Augmented Reality and Tourism

Written by Christopher Harrison Skinner

Tourism is a great business. Sometime in the not too distant future destinations will embrace augmented reality as a means to attract and more important, retain visitors. The days of media-driven answers don’t always work for the DMO and individual businesses struggle to represent the whole market. We need more things that gives customers what they want.

Augmented reality Is one of those things that allows the user of an electronic device with a camera to visualize virtual objects in reality. A great and relevant example of this is the popular mobile game Pok?mon Go (pictured below).

Pok?mon Go, developed and published by Niantic, is a game for mobile phones released in the summer of 2016. The game’s main pull is that users can find and collect digital monsters scattered around the world using their phones. As you can tell from the picture above, a 3d digital creature is superimposed on the world as seen through the camera.

Augmented reality differs from virtual reality in one major way. In virtual reality, the user’s sense of space in the world is almost completely nullified; at the least, users of virtual reality wear a headset that completely obstructs their vision of the real world. The Oculus Rift (pictured below from the front and the back) is a prime example of what a basic virtual reality headset looks like.

As you can see, the headset completely envelopes the user’s eyes, cutting off their view of the real world. This is not going to be the answer to real-world tourism.

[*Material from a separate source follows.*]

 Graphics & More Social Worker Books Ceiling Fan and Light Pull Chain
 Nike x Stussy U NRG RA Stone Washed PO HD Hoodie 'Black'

Inside the headset are a pair of small screens that are directly in front of the user’s eyes. The screens work like typical screens, displaying whatever the developer has made, the pair of small screens creating a false binocular vision. Some more advanced models also come with hand controls that are able to create a digital copy of the user’s hands that track and mirror the users hand movements from the real world to the virtual world accurately using infrared sensors; additionally, they can include headphones that allow the user to hear whatever is in the virtual world. Finally, some experimental devices allow for the player to “walk” in the virtual world using a multi-directional treadmill (pictured below).

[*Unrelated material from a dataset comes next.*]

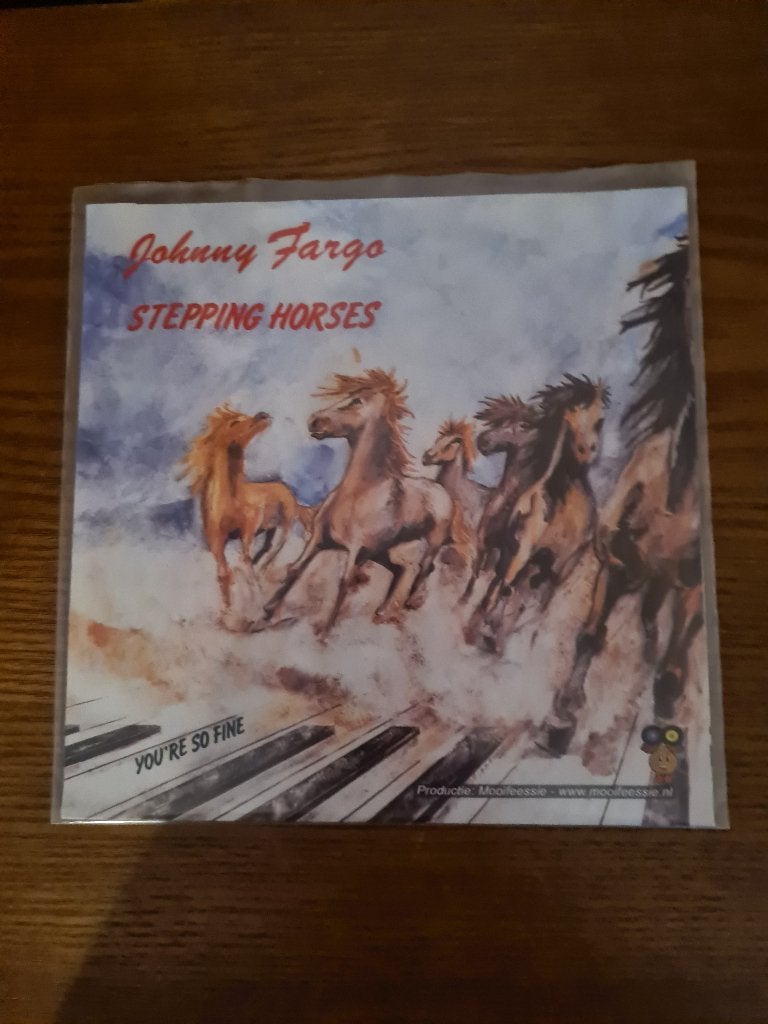 Johnny Fargo, Ophalen of Verzenden, Zo goed als nieuw, Overige formaten, Levenslied of Smartlap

All these combine to give the user the most realistic feeling of being in a virtual world apart from the real world. Unfortunately, all these devices mean that the user must be confined to a small area in the real world (as small as 2×2 meters to as large as 3×3 meters)

Augmented reality, on the other hand, primarily uses the real world and superimposes virtual assets (text, images, 3d and 2d, etc) onto the screen of whatever electronic device the camera is hooked up to. Compared to virtual reality, augmented reality is cheaper, more accessible, and allows the user to move about the real world freely. Most destinations have deep understandings of their history. That asset alone is more valuable than media when integrated with augmented reality.

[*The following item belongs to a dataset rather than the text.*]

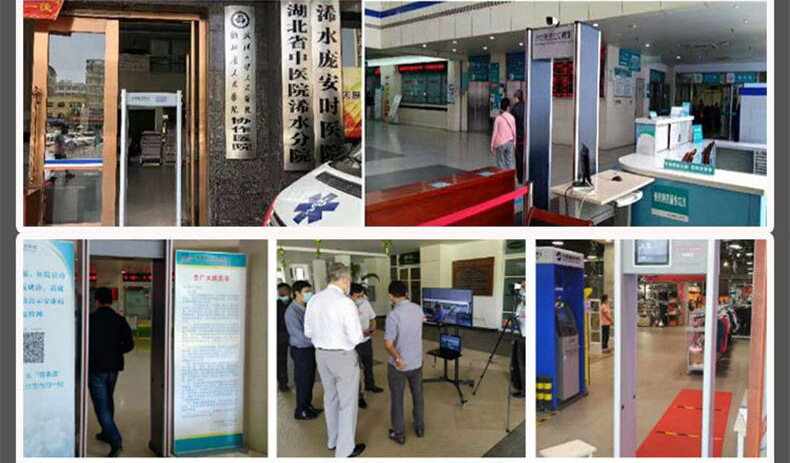 Qinguan Multi-Person Detection Infrared Temperature Measuring Camera Body Temperature Thermal Imaging All-in-One Machine Equipment Binocular Recognition Temperature Measuring Door Qinguan Multi-Person Detection Infrared Temperature Measuring Camera Body Temperature Thermal Imaging All-in-One Machine Equipment Binocular Recognition Temperature Measuring Door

My suggestion is to use augmented reality to introduce tourists to history mashed with current businesses and attractions through their phones at historic locations. Every place has a history that can be explored and brought forward to the current world. In New Orleans, there is a thirst for its history. The public wants history yet how it’s performed today is inconsistent and on the schedule of the business, not the customer.

In addition, a company can fill in the blanks and hire reenactors to portray any event at a historical location and film it with a 360-degree camera. Similar to how online education is coming about, this is a way to bring modern tourism and history together. Augmented reality developers could make an app that shows this reenacted scene to the user through their electronic device, allowing the user to experience a reenactment of history up close and in any position they want and at the same historic location. The image below is a good example of what I was thinking about; I took a modern-day image of New Orleans and a historical photo and made it appear that the viewer sees the historic photo through their phone.

This version of augmented reality could be repurposed for almost anything tourism related; haunted houses, historic battles, maps, the Hurricane Katrina flood, sports. Almost anything could be recreated with reenactors, computer-generated images, and historic buildings. Much of these assets exist already and can be made useful in a modern way.

When combined with current assets such as the businesses in these historic buildings, you drive a multitude of things at the same time. You satisfy the need for tax revenue while creating customer delight for the tourists in a consistent and modern way.